Pictures with short captions >>
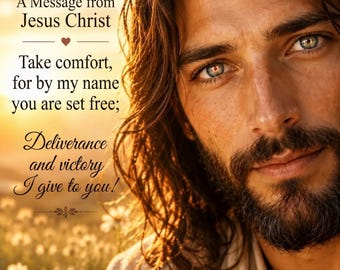May include: A portrait of a man with long brown hair and a beard, featuring the text: A Message from Jesus Christ, Take comfort, for by my name you are set free; Deliverance and victory I give to you! The background shows a field of white flowers.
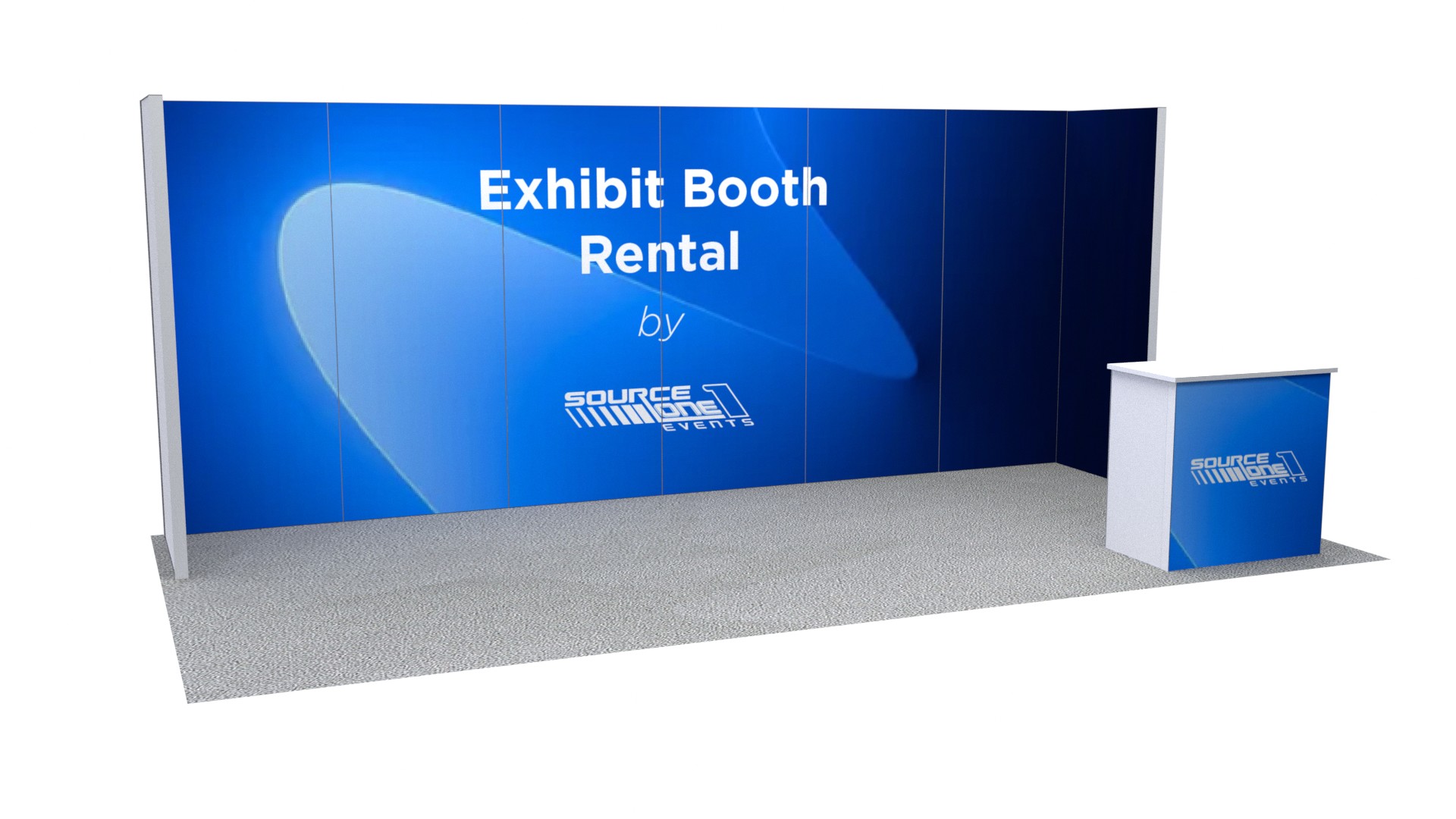 BM201 modular exhibit booth with blue display wall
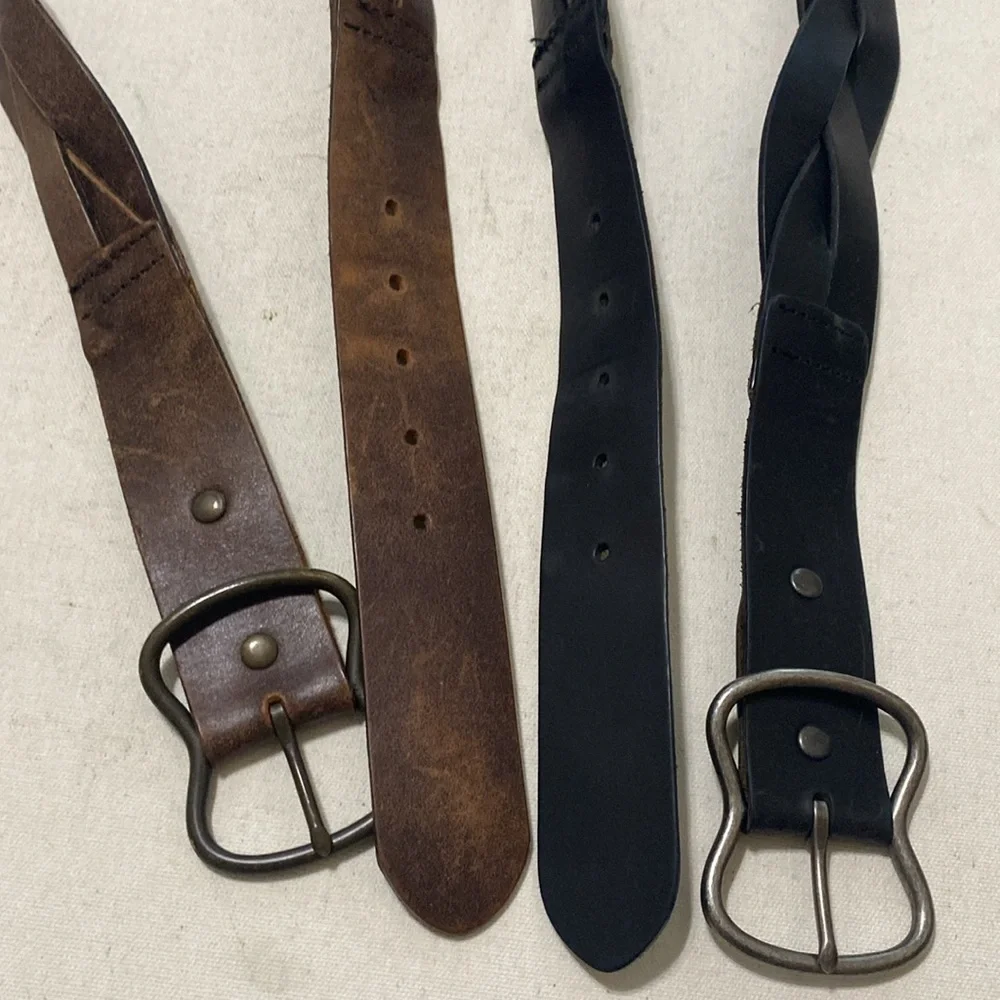 Vintage Black and Brown Leather Belts women M boho festival casual set of 2 Y2K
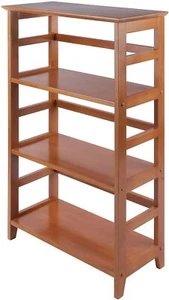 Small Wood Bookcase For Small Spaces Office Den Corner Narrow Freestanding Open - Picture 1 of 6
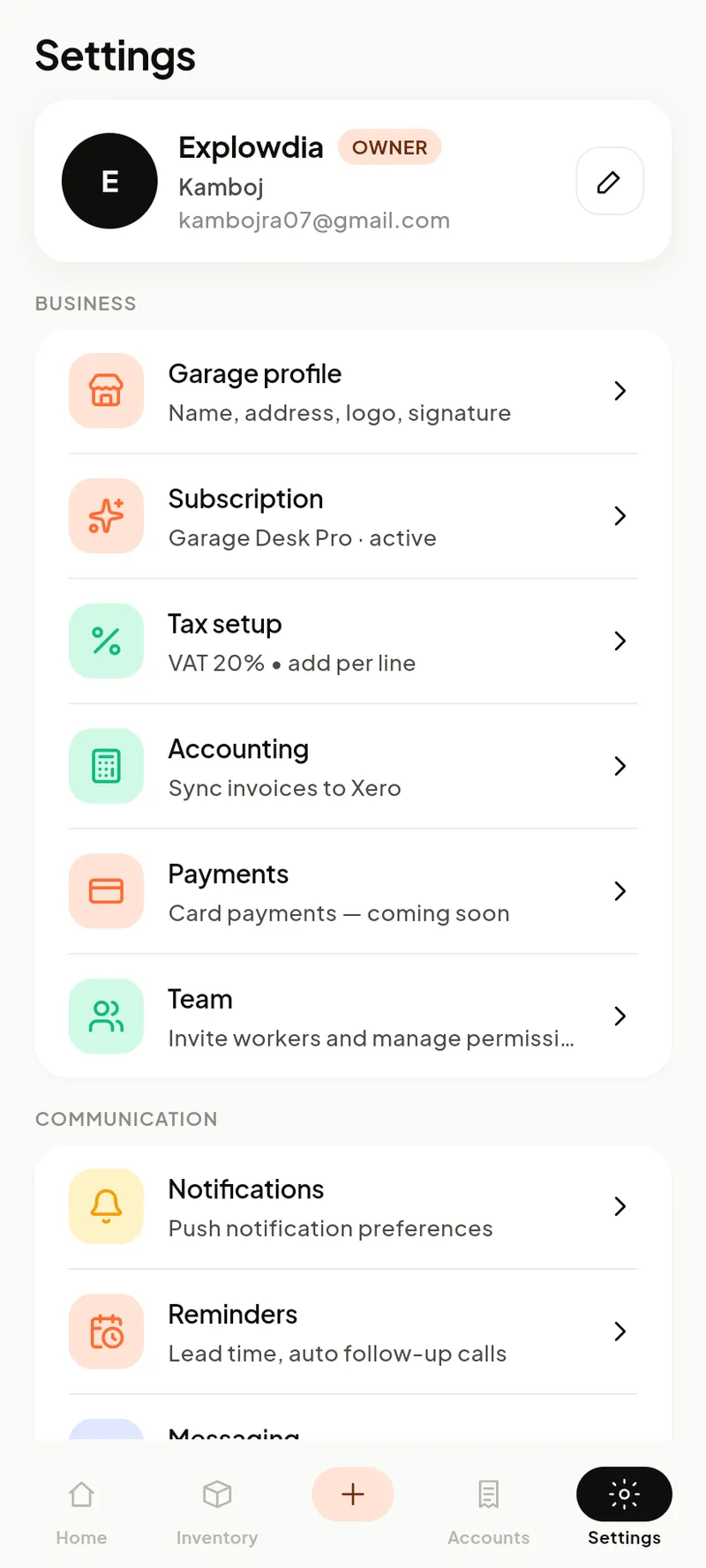 Settings menu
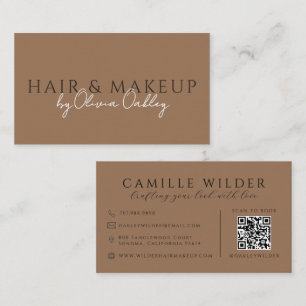 Tarjeta De Visita Código QR Pelo Y Maquillaje Sark Terracota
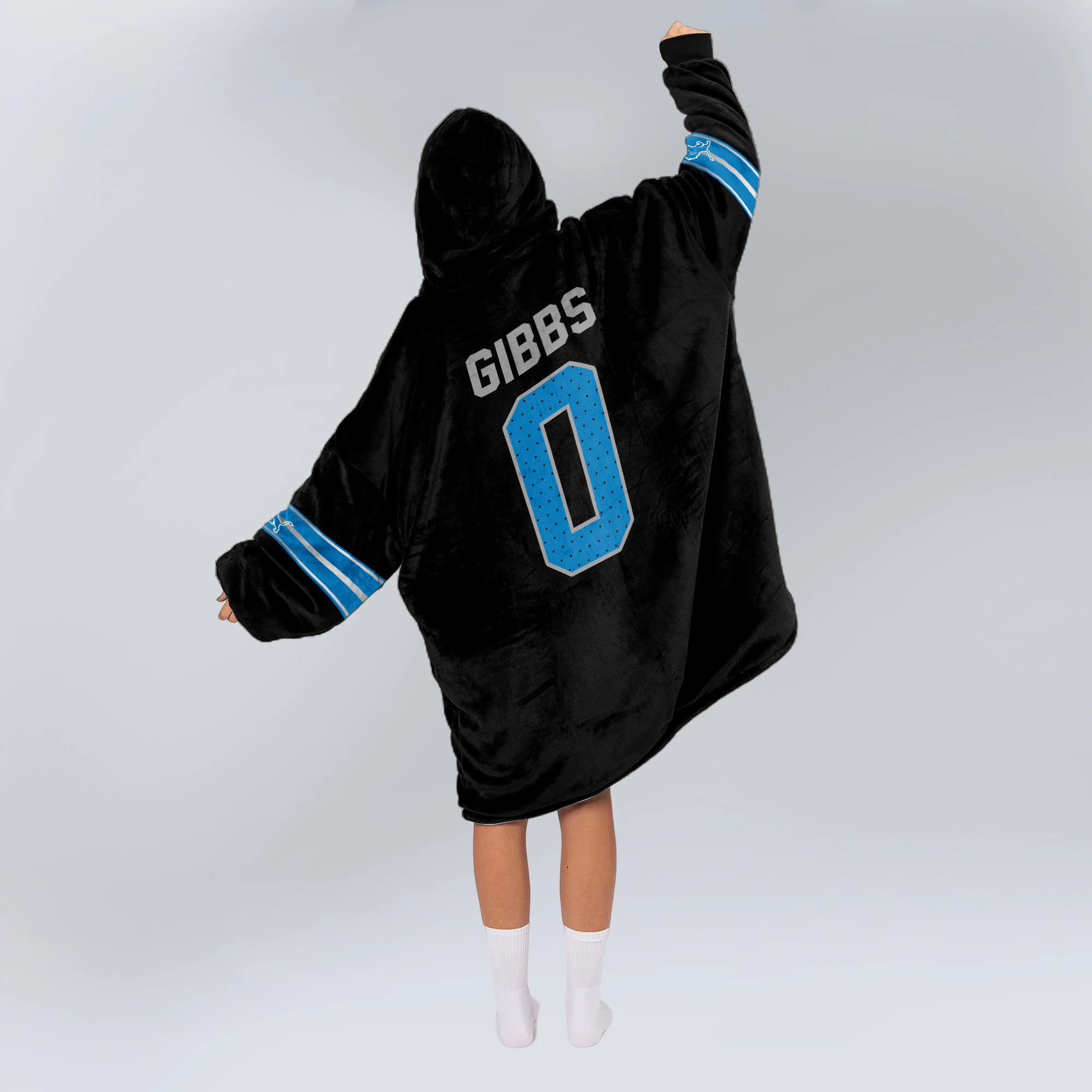 Adult 0 Detroit Football Unisex Blanket Hoodie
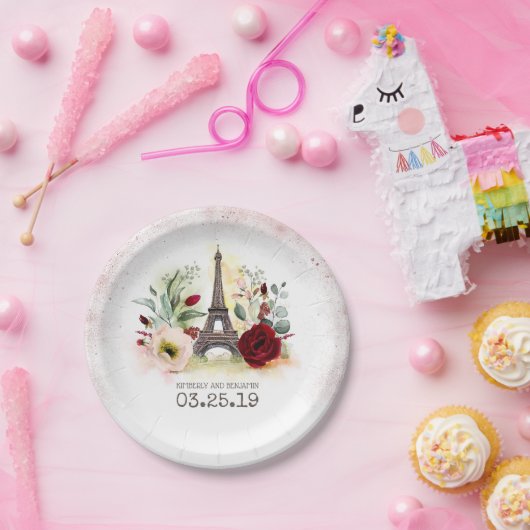 パリエッフェルタワーヴィンテージピンク金ゴールドグリッター ペーパープレート (パーティー)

Aim of the task >> Repeat the data exactly, excluding the pictures.

Answer space >>
May include: A portrait of a man with long brown hair and a beard, featuring the text: A Message from Jesus Christ, Take comfort, for by my name you are set free; Deliverance and victory I give to you! The background shows a field of white flowers.
 BM201 modular exhibit booth with blue display wall
 Vintage Black and Brown Leather Belts women M boho festival casual set of 2 Y2K
 Small Wood Bookcase For Small Spaces Office Den Corner Narrow Freestanding Open - Picture 1 of 6
 Settings menu
 Tarjeta De Visita Código QR Pelo Y Maquillaje Sark Terracota
 Adult 0 Detroit Football Unisex Blanket Hoodie
 パリエッフェルタワーヴィンテージピンク金ゴールドグリッター ペーパープレート (パーティー)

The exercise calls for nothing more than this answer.